Après le déjeuner, nous reprenons le travail. Mais avant de retourner à l’étable, nous faisons une halte dans une autre étable. À l’intérieur, on retrouve un autre taureau, Nimbus, « C’est le surnom de mon père », m’explique Sophie en rigolant. À trois ans, il pèse déjà presque une tonne. Je le sors de l’étable dans son petit parc privatisé, pour que nous puissions le brosser. « Il est né de ma vache Fortune. Déjà petit, avec sa mère, il est au salon de l’agriculture à Paris. Il y retourne cette année pour concourir »

Ce n’est donc pas la première année que Sophie se rend à Paris mais avec Nimbus, il y a une tout autre signification « C’est la première fois que je vais y aller avec un taureau à moi, qui est né sur l’exploitation, je suis fière. Je suis partie de rien, mes parents n’étaient pas agriculteurs, et il y a cinq ans j’ai commencé tout de zéro »

L’heure du repas

Le brossage et chouchoutage terminés, nous détachons Nimbus qui saute et joue avec la chienne de Sophie, un berger australien. Après la récréation, il retourne dans son étable. Et nous, nous retournons au travail.
Il faut nettoyer et enlever les bouses de vaches, dans l’étable de Sophie. Nous repaillons avec Thierry : les vaches pourront s’allonger dans des draps propres. À peine terminé, nous nous occupons des veaux : c’est l’heure du repas. « Nous allons ouvrir la porte de l’enclos des veaux qui vont aller téter. Mais il faut les aider un peu et les emmener vers leur mère », m’explique Sophie. Si un veau va téter la mauvaise mère, elle s’en rend compte et risque de lui donner un coup de sabot. 
Heureusement, au-dessus de chaque vache, il y a un numéro, qui correspond au veau. Mais quand Sophie ouvre la porte, ça va dans tous les sens, il faut être vigilant et réactif. 
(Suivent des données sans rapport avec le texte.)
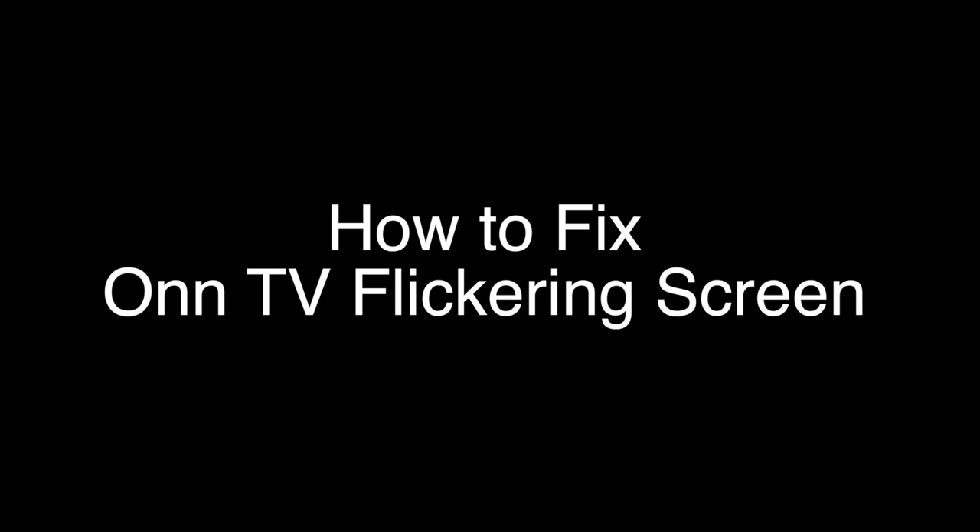Today we're going to show you how to fix your TV if your screen is flickering, flashing, or blinking. We're going to show you several methods for fixing this problem. If you stay with us all the way to the end of the video and try each of these methods, there is a very high probability that this problem will be solved for you.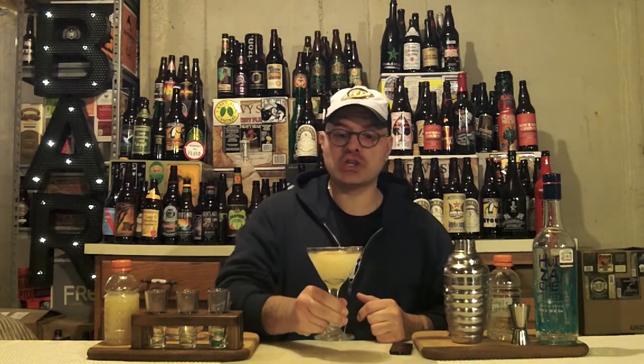Cheers! That is super, super smooth. You can't taste a bit of the alcohol in that. You have two or three of these and it's night-night time. But sometimes that's the point, isn't it?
Des hauts et des bas dans le métier 

Quand tout le monde a trouvé sa place, nous pouvons souffler. Enfin pas pour longtemps : Sophie m’emmène à l’étage au-dessus, dans la grange. C’est là qu’elle stocke le foin pour l’hiver, mais c’est étrangement vide, « C’est à cause de la sécheresse de cet été, nous n’avons pas pu faire assez de foins. Nous sommes le 1er février et je ne sais pas si je vais tenir jusqu’au mois d’avril. Il faudra peut-être que j’en achète. J’ai déjà dû en acheter, c’est 12 000 euros donc c’est quand même un sacré trou dans la trésorerie », m’explique la jeune femme. 
Quand je lui demande si ce n’est pas difficile d’être éleveur, elle me répond que si « C’est difficile. On a du mal à se sortir un salaire. C’est une question de passion, on ne fait pas ce métier pour gagner de l’argent, c’est parce qu’on aime ça »
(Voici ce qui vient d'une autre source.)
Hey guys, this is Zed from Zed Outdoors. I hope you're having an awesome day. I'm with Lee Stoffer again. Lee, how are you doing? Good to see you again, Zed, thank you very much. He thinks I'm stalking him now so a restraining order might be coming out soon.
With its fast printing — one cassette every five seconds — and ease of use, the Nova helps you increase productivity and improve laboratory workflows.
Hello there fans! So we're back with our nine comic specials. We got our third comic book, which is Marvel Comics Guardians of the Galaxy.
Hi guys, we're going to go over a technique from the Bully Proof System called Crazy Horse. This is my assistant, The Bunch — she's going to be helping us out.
Nous prenons donc le foin et à travers des trous dans le plancher nous jetons le foin qui atterrit directement sur la tête des vaches en dessous. 
La journée se termine pour nous. Sophie a encore un peu de travail. De 5 h 30 du matin à 18 h, les journées sont longues. Hiver, comme été, il y a du travail à la ferme.